Thai-Style Turkey Fried Rice - cooking recipe

Ingredients
    2 tablespoons peanut oil
    1 onion, finely chopped
    3 garlic cloves, crushed
    2 long green chilies, seeds removed, finely chopped
    2 teaspoons grated fresh ginger
    1 tablespoon brown sugar
    1 red capsicum, cut into 1cm cubes
    200 g thin green beans, cut into 2cm lengths
    4 kaffir lime leaves, thinly sliced (see notes)
    4 cups cooked cooled jasmine rice (1 1/3 cups (265g, uncooked)
    3 cups roughly chopped cooked turkey
    2 tablespoons fish sauce
    2 tablespoons gluten-free tamari (see notes)
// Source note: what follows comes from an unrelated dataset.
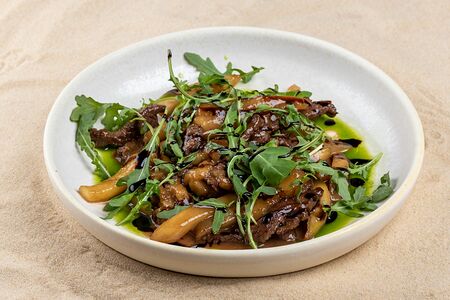 Теплый салат с телятиной и грушей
    1/2 cup Thai basil (see notes or use regular basil)
    lime wedge, to serve
Preparation
    Heat the oil in a wok over medium-high heat. Stir-fry the onion for 2-3 minutes until softened. Add the garlic, chilli, ginger and sugar, then cook for a further 1 minute until the mixture is fragrant and the sugar has dissolved. Add the chopped capsicum, beans and kaffir lime leaves, then stir-fry for 1-2 minutes until the vegetables are just tender. Add the cooked rice, chopped turkey, fish sauce and tamari, then stir-fry for 2-3 minutes until heated through. Stir in the basil, then serve the rice in bowls with lime wedges to squeeze.